YOUR SOLIN GENERATED RECIPE
Seared Salmon with Steamed Green Beans and Brown Rice
Pan-seared wild salmon fillet served alongside nutty brown rice and tender-crisp green beans, finished with a squeeze of bright lemon and a pinch of flaky sea salt.
INGREDIENTS
7.5 oz Wild Atlantic Salmon fillet
0.5 cup cooked Brown Rice
1 cup fresh Green Beans
1 tsp Extra Virgin Olive Oil
1 tbsp Lemon Juice
Pinch of Sea Salt and Black Pepper
PREPARATION
Pat the salmon fillet dry with a paper towel and season both sides with sea salt and black pepper.
Heat the olive oil in a non-stick skillet over medium-high heat until shimmering.
Place the salmon in the pan skin-side up and sear for 4-5 minutes until a golden crust forms.
Flip the salmon and cook for another 3-4 minutes until the internal temperature reaches 145 degrees Fahrenheit.

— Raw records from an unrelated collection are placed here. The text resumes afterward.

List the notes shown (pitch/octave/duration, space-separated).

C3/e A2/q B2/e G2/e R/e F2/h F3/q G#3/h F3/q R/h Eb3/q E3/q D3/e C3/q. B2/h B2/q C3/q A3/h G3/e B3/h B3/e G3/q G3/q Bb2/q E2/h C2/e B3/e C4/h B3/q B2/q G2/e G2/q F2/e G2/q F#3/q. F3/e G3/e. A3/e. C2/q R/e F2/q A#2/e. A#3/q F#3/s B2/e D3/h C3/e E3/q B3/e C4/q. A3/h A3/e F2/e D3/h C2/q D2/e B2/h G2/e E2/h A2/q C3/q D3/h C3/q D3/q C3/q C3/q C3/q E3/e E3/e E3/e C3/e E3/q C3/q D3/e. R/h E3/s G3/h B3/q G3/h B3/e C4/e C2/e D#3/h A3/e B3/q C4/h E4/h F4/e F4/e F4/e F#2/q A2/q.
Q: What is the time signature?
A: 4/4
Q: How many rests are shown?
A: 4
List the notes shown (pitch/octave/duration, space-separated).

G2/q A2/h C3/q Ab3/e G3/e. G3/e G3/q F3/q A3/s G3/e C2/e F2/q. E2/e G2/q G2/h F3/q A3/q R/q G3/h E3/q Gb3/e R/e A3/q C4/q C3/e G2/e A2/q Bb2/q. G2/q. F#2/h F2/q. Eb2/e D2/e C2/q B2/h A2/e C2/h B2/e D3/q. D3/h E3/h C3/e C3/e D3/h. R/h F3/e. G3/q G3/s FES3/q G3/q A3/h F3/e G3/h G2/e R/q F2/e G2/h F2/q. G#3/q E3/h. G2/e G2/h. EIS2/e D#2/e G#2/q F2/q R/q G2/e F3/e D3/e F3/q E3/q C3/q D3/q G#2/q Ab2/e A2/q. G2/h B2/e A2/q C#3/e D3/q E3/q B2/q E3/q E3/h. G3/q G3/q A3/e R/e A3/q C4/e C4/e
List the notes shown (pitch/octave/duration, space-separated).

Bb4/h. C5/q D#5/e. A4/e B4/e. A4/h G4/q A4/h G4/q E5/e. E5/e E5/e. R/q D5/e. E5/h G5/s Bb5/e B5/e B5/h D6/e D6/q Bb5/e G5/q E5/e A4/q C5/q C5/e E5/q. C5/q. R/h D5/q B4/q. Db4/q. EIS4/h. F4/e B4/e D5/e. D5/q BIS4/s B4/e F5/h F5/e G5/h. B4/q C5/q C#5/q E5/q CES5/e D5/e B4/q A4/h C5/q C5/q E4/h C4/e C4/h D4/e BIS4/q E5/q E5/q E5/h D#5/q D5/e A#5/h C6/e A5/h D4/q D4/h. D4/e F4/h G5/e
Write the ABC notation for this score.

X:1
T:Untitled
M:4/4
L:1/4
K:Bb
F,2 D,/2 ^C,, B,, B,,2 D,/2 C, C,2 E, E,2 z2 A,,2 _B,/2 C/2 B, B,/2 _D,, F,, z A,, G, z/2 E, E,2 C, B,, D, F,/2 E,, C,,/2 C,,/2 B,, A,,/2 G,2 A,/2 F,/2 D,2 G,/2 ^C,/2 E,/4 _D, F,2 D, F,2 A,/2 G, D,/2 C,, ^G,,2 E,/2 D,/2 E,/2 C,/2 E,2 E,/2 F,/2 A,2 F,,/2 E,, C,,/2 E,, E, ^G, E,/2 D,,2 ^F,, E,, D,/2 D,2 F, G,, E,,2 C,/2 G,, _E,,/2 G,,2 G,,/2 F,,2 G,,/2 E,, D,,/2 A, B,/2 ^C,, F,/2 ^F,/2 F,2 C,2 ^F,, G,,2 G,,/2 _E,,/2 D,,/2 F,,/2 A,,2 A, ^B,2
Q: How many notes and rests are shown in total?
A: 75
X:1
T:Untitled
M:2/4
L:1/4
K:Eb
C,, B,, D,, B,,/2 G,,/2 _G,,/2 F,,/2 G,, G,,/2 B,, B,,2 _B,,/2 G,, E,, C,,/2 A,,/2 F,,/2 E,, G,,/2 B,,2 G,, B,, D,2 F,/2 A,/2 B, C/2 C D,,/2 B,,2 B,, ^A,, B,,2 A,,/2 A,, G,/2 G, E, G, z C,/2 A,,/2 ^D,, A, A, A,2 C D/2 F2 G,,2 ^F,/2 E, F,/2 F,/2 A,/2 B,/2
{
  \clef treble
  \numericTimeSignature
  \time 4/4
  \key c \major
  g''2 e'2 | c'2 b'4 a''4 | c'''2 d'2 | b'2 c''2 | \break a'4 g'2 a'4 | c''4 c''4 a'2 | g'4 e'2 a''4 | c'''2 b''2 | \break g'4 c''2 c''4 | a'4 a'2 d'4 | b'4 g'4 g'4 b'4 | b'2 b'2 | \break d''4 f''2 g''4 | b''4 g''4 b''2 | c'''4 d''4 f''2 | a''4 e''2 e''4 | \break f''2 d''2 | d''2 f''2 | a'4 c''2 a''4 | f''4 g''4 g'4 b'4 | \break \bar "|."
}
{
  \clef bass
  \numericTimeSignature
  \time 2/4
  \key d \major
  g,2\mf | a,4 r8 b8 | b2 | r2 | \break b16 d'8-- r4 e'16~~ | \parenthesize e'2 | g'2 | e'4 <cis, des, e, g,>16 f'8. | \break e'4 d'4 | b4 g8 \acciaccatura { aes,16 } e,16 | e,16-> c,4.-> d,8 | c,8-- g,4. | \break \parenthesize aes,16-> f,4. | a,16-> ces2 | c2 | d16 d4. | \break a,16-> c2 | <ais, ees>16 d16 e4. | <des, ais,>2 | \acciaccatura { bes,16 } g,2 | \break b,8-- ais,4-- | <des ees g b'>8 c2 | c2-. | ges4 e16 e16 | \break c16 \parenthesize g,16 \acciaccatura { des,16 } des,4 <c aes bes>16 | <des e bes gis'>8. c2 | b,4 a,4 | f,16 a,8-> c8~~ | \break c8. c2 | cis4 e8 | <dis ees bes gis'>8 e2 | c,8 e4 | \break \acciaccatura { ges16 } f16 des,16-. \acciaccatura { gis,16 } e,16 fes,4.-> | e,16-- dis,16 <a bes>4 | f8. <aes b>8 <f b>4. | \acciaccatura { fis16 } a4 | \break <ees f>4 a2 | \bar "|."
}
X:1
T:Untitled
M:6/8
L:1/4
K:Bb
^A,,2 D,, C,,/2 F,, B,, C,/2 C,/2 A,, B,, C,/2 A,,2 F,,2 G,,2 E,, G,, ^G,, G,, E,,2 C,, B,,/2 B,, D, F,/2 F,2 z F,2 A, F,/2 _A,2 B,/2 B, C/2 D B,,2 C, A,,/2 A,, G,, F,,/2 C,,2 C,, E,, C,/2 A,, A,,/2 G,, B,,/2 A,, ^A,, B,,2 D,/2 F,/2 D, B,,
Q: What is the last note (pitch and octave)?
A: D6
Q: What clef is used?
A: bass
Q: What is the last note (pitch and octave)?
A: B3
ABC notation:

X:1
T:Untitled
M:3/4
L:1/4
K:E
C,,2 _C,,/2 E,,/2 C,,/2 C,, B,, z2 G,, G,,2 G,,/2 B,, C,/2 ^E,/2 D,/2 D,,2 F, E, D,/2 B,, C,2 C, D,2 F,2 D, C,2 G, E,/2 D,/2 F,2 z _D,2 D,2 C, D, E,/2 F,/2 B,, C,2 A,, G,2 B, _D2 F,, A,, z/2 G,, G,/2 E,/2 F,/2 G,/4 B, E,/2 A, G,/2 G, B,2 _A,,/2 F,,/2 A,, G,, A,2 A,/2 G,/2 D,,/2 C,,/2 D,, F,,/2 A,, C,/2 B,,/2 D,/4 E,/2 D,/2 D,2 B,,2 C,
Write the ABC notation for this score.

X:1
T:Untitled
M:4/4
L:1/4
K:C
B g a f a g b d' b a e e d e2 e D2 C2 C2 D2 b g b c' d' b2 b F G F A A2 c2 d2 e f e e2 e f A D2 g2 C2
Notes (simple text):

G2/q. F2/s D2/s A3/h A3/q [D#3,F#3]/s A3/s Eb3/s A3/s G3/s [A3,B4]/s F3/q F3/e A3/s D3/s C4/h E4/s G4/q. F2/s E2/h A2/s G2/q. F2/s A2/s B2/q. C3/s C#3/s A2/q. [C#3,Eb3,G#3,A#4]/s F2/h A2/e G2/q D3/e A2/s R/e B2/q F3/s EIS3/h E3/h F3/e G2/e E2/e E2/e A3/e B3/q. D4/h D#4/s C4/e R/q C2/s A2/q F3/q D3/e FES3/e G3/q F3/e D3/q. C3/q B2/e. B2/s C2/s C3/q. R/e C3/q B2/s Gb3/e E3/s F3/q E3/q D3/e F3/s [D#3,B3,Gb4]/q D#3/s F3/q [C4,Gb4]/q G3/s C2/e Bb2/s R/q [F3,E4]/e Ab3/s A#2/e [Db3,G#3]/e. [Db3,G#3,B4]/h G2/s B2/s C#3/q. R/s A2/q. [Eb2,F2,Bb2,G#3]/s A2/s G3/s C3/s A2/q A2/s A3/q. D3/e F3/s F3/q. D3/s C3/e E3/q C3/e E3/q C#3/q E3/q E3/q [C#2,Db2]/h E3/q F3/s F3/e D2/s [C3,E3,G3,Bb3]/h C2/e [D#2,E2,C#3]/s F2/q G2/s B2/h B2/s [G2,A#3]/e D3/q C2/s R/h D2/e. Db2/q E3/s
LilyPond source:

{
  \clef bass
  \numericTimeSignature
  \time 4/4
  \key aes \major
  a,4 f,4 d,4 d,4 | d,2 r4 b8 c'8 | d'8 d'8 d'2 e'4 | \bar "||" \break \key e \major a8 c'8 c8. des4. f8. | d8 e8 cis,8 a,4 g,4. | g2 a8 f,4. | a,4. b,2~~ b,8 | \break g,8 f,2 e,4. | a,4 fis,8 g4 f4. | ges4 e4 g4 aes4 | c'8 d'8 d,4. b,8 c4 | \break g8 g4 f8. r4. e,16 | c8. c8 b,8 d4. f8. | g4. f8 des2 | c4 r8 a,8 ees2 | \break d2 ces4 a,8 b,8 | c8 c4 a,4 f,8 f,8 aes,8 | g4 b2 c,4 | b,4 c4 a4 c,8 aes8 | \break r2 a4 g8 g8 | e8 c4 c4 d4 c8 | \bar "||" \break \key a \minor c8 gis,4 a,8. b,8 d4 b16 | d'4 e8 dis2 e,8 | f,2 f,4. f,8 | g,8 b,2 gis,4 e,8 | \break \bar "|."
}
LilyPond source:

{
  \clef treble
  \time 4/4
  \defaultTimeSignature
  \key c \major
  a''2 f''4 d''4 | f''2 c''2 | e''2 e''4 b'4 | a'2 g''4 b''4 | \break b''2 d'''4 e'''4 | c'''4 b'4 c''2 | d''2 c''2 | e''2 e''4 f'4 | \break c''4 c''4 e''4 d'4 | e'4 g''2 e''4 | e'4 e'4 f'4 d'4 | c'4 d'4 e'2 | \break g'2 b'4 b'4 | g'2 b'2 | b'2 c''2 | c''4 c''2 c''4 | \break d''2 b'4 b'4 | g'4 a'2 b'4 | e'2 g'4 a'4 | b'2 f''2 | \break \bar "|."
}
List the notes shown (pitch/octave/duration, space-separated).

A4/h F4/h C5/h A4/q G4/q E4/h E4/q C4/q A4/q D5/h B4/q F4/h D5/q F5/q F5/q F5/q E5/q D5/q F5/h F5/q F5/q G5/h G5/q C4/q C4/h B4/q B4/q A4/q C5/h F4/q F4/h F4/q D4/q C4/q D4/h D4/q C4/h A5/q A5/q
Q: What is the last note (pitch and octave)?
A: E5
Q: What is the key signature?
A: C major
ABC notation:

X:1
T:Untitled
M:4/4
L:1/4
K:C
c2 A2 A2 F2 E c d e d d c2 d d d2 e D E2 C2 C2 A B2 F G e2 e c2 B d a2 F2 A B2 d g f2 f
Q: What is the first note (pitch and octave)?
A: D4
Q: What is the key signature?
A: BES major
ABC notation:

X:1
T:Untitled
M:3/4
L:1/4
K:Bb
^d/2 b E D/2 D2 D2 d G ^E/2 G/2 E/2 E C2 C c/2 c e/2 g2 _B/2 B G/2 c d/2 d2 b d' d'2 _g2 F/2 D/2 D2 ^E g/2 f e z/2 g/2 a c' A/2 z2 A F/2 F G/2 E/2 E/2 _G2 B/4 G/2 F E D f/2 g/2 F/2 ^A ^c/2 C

While the salmon cooks, place the green beans in a steamer basket over boiling water and steam for 5-6 minutes until tender-crisp.
Warm the pre-cooked brown rice in a small saucepan or microwave until steaming.
Plate the salmon alongside the brown rice and green beans, drizzling the fresh lemon juice over the fish and vegetables before serving.